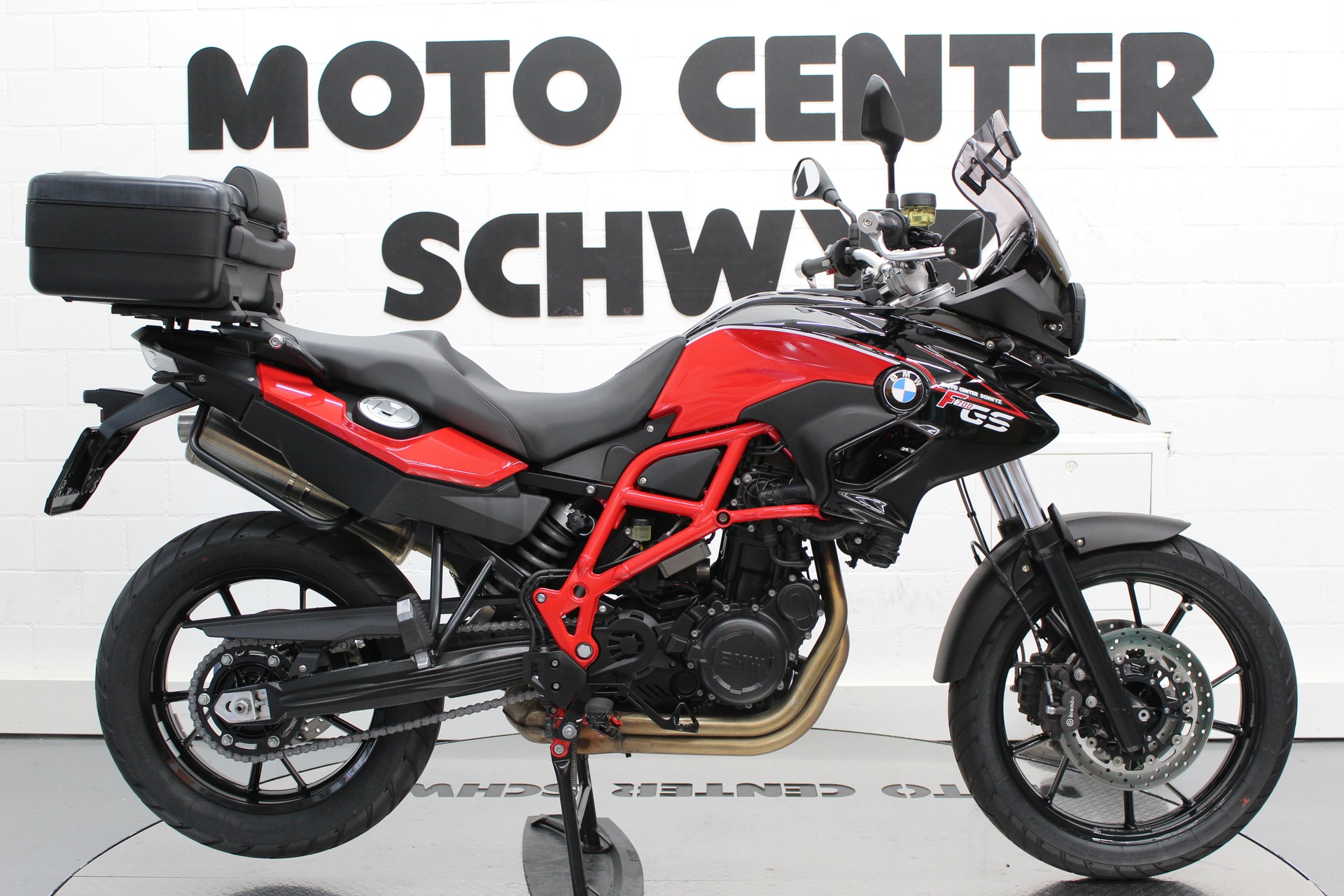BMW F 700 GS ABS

...

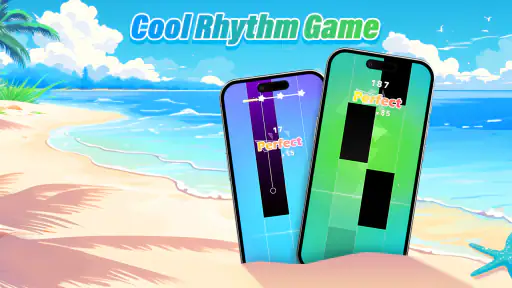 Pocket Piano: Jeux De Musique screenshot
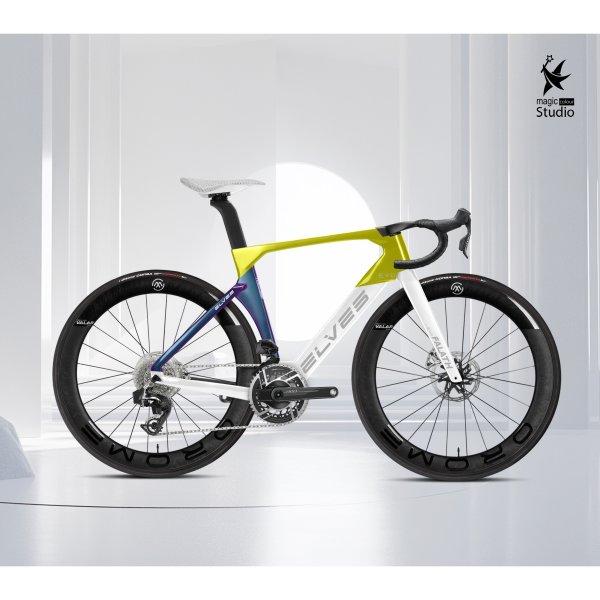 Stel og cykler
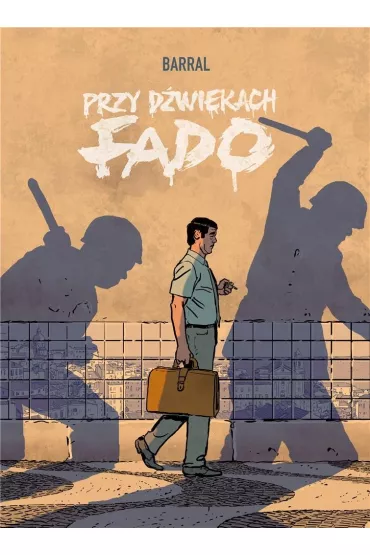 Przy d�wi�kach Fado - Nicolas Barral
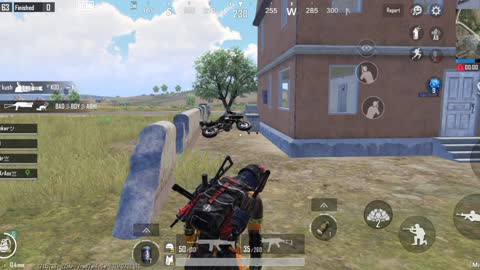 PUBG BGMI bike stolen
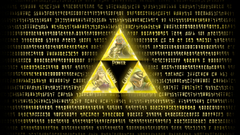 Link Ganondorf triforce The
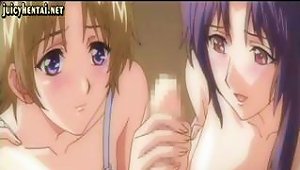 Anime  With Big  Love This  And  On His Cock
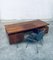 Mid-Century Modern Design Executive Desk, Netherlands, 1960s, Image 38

_PROBLEM:_
Copy the lines above exactly, starting with the line that contains "Przy d�wi�kach Fado - Nicolas Barral" and ending with the line that contains "Mid-Century Modern Design", and leave out any pictures.

_EXERCISE RESULT:_
 Przy d�wi�kach Fado - Nicolas Barral
 PUBG BGMI bike stolen
 Link Ganondorf triforce The
 Anime  With Big  Love This  And  On His Cock
 Mid-Century Modern Design Executive Desk, Netherlands, 1960s, Image 38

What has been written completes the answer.